Caption-style text data
◆ ◆ ◆ ◆

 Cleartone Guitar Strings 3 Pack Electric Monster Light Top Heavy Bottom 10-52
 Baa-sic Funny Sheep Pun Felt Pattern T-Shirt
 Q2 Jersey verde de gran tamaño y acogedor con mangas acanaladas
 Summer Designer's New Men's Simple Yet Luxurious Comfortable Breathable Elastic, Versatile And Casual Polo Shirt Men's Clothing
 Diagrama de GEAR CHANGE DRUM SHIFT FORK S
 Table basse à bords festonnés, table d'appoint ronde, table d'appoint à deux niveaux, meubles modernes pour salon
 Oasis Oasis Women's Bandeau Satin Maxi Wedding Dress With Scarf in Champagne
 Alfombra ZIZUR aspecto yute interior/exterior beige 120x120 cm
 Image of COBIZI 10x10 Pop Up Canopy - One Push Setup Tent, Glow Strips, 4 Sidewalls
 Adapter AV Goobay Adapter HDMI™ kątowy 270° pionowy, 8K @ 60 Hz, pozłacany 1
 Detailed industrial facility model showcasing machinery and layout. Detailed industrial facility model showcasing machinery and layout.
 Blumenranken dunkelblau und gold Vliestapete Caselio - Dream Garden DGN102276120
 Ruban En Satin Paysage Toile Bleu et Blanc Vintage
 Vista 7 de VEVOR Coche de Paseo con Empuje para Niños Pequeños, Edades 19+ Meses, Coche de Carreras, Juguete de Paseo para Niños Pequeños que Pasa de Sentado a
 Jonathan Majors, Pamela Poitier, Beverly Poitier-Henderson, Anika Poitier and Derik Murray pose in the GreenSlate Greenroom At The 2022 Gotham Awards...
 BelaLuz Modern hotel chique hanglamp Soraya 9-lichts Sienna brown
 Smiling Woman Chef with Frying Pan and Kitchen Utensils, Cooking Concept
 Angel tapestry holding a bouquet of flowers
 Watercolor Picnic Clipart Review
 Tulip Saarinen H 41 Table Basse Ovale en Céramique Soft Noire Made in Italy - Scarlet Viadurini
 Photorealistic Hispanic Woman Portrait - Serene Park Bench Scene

◆ ◆ ◆ ◆

EXERCISE:
Check the data for the word "Satin" and pull out the lines that have it.

RESPONSE BELOW:
 Oasis Oasis Women's Bandeau Satin Maxi Wedding Dress With Scarf in Champagne
 Ruban En Satin Paysage Toile Bleu et Blanc Vintage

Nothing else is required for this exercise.